I have previously explained why our stubborn refusal to participate in this particular aspect of the Affordable Care Act is irresponsible, inhumane and costly.

When Pence announced his negotiated one-year “deal” with the federal government to continue “Healthy Indiana” in lieu of expanding Medicare (a “deal” that leaves some 400,000 Hoosiers without healthcare), he insisted that “Consumer driven healthcare is the path to the future.”

Sorry, Mike–but if that’s the case,  the future is pretty damn bleak.

Here’s the problem: markets work incredibly well when buyers and sellers operate on a level playing field. They work especially well when consumers are looking for widely-available goods and services, and can compare prices and quality and shop around for the best deal. Economists define a market transaction as one involving a willing buyer and willing seller, both of whom are in possession of all relevant information.

That description does not remotely apply to medical care.

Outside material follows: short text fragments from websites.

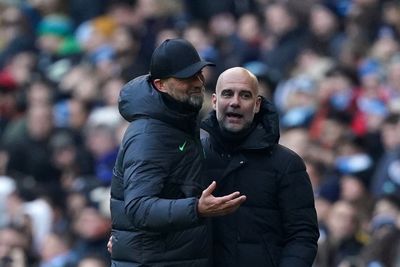 Opposing managers happy with a point as Manchester City and Liverpool draw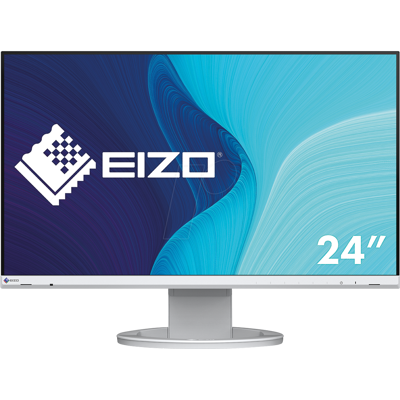 EIZO EV2480-WT - Monitor de 60,5 cm, USB-a / USB-C , pivote, blanco EIZO EV2480-WT - Monitor de 60,5 cm, USB-a / USB-C , pivote, blanco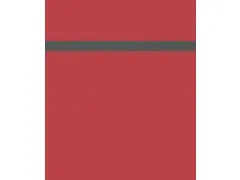 Duniletto slum 40x33cm Bordeaux 4x65 Stuks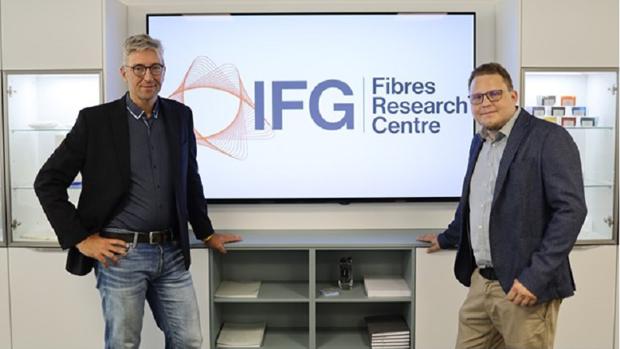 Fibres Research Centre opens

The “consumer” who needs a hernia operation is highly unlikely to be in a position to shop around. He’s much more likely to need immediate care, and be locked into using a particular provider by his insurance company. And he is highly unlikely to know as much about the procedure as his doctor.

For that matter, this “consumer transaction” isn’t going to be negotiated by the patient and his doctor. The real parties to this transaction are the doctor and the health insurance company–and as recent news reports have reminded us, the needs of the patient are rarely front and center. (The Star recently reported on a lawsuit brought by the widow of a man who needed a pacemaker–despite the urging of his own doctor and another doctor who was consulted for a required “second opinion,” the insurer delayed its approval, and the man died. The doctor insists that, had his patient had a timely procedure, he’d be alive today.)

There is no market in health care. There never will be. Hernias and heart attacks aren’t widgets and mousetraps; there is not and cannot be a level playing field where consumers have as much information and power as their providers–or where their providers have as much power as the insurers. Other countries have figured that out. And in those other countries, amazing as it may seem, big bad evil government has turned out to be more protective of patient needs than for-profit insurance companies beholden to their shareholders.

To suggest that “consumer-driven” healthcare is the future is to display profound ignorance of market economics.

I think it’s interesting how many “free market” ideologues like our governor have no idea how markets really work.